Russia’s Vladimir Putin, for example, says all the time that he wants to cooperate with the US, starting with counter-terrorism. In January, for example, Putin said:

We are faced with common threats, and we still want all countries… to join their efforts to combat these threats, and we are still striving for this.

Now, of course, some will say that Putin is not sincere. Yet it’s been well documented that the Russians were perfectly sincere when they warned us about the Tsarnaev brothers, the Boston Marathon bombers—but we chose not to listen.

The Russians, in fact, have a serious security threat from restive Muslim populations, both within their borders and nearby—and they know it. So maybe we can help each other—just as in World War Two, when the US and USSR teamed up to beat Hitler. A lot of American GIs survived the “Good War,” of course, because we had Russian help.

Trump gets this potential for a US-Russian deal. As he said in his foreign policy speech to the Center for the National Interest in April, “Russia, for instance, has also seen the horror of Islamic terrorism,” and so there’s the opportunity, he suggested, for an understanding that would both cool tensions and kill terrorists. As Trump also said, “Common sense says this cycle, this horrible cycle of hostility, must end and ideally will end soon.” If it did, he added, it would be “good for both countries.” And that, of course, is how deals are made—through mutual advantage.
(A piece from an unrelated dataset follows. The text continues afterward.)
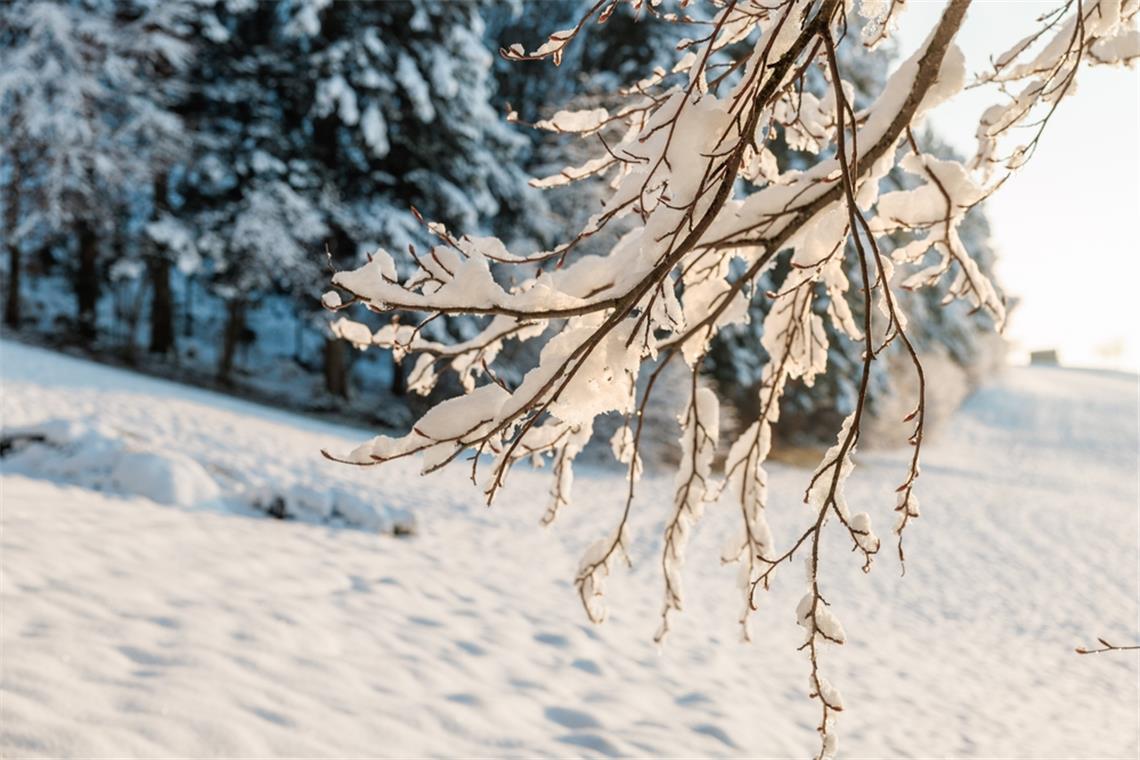 Erfahren Sie, wann das Wetter in Deutschland wieder besser wird. Aktuelle Vorhersagen für die nächsten Tage: Glätte, milde Temperaturen und erste Sonnenstrahlen.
Of course, Trump still has his guard up:

Some say the Russians won’t be reasonable. I intend to find out. If we can’t make a deal under my administration, a deal that’s great — not good, great — for America, but also good for Russia, then we will quickly walk from the table. It’s as simple as that. We’re going to find out.

As the wise Ronald Reagan said of the Soviets in the 80s, “Trust, but verify.”

And the same holds true for China. The PRC also has a Muslim problem. It is home to more than 50 million Muslims, most of them ethnic Uighurs, who are a Turkic people, highly attuned to the jihadi currents rippling through the Middle East. And so China, too, has been the victim of repeated Muslim terrorist attacks. Moreover, as with the Russians, the Chinese have said, explicitly, that they would like to work with the US. Here’s a March 15 headline in China Daily“China seeks US cooperation to counter terror.”

Once again, to make a statement is not the same as making it true, but the obvious reality, that terrorism is a major threat to all the major powers, is enough to inspire some confidence that a deal is possible.

As Trump also said in his speech last month:

We desire to live peacefully and in friendship with Russia and China. We have serious differences with these two nations, and must regard them with open eyes, but we are not bound to be adversaries. We should seek common ground based on shared interests.

  1. A Vision for Victory

So thus we see the outlines of a deal that would let the US concentrate on its urgent enemies: The next US president would reach an accord with Russia and China on counter-terrorism. Such an accord would open up the prospect that the US could actually succeed in containing Iran and ISIS, and also, in addition, open up the prospect of paving the way to additional “confidence-building measures” between the major nuclear powers. The point here is not necessarily that the US, Russia, and China are ever going to be best friends; instead, the goal here is to deal with the greater crises first, and the lesser crises, later. As Trump says, focus means just that: you focus on what you really have to get done. That’s strong management, and it’s also strong leadership.

As we have seen, in 1972, President Richard Nixon was a strong leader. Ignoring the advice of the lesser minds that preceded him, he went over the head of the North Vietnamese enemy to reach a deal with China and Russia, thus ending the Vietnam War.

And so, beginning in 2017, a President Trump might have the opportunity to meet with, once again, to China and Russia, this time to cut off the supply, aid, and comfort to the terrorist state of Iran, as well as to all the major terrorists of the world.

That’s peace, and peace with honor. That’s greatness.